Each deployment provides a metrics dashboard to help you understand how your model is performing in production.

You can view up to 24 hours of historical metrics data, aggregated into 15-minute intervals.

Available metrics

The dashboard tracks the following metrics:

  • Latency: Track response times and identify performance bottlenecks
  • Throughput: Monitor requests per second and capacity utilization
  • Error rates: Identify and troubleshoot failed predictions
  • Instance status: See how many instances are starting, idle, or actively processing requests
  • Queue depth: Monitor pending predictions waiting for processing
  • GPU memory usage: Monitor how much GPU memory your deployment is using across all instances

The metrics graphs automatically refresh and provide interactive controls for zooming and filtering data by time range.

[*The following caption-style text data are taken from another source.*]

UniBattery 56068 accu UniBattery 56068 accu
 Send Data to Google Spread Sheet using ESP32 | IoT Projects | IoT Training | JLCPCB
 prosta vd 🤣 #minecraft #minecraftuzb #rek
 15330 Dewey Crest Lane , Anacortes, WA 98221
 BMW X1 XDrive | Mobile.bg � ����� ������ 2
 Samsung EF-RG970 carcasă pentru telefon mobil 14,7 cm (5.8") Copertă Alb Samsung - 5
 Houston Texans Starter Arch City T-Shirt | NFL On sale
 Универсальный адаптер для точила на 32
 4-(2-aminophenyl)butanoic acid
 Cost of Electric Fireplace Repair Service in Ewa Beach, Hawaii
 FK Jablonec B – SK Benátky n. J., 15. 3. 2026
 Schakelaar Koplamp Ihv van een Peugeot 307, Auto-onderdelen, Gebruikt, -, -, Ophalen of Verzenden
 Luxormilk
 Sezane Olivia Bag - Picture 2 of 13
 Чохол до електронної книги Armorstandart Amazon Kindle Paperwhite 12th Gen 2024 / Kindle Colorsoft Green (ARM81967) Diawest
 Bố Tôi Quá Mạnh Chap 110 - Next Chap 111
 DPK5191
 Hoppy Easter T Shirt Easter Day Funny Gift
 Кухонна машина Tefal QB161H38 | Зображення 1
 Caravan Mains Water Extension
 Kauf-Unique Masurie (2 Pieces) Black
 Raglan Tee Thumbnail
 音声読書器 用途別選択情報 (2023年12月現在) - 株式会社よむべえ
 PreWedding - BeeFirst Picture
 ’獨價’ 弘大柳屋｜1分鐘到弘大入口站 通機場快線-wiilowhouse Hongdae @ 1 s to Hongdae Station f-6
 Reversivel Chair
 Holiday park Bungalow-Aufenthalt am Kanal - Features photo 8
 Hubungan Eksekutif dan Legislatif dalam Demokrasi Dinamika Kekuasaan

Access your deployment metrics by visiting replicate.com/deployments and selecting the deployment you want to monitor.

GPU memory monitoring

GPU memory monitoring helps you optimize resource utilization and ensure your models are running efficiently. The GPU memory visualization shows:

  • Total memory available: The total GPU memory capacity allocated to your deployment across all instances.
  • Memory usage patterns: Both median and maximum GPU memory usage over configurable time periods (2 hours or 24 hours).
  • Multi-instance aggregation: Memory usage is aggregated across all running instances in your deployment, giving you a comprehensive view of resource utilization.

This monitoring helps you:

  • See if your model is using GPU memory efficiently
  • Decide if you need different hardware for better performance
  • Spot memory usage patterns and potential optimizations
  • Plan capacity for scaling your deployment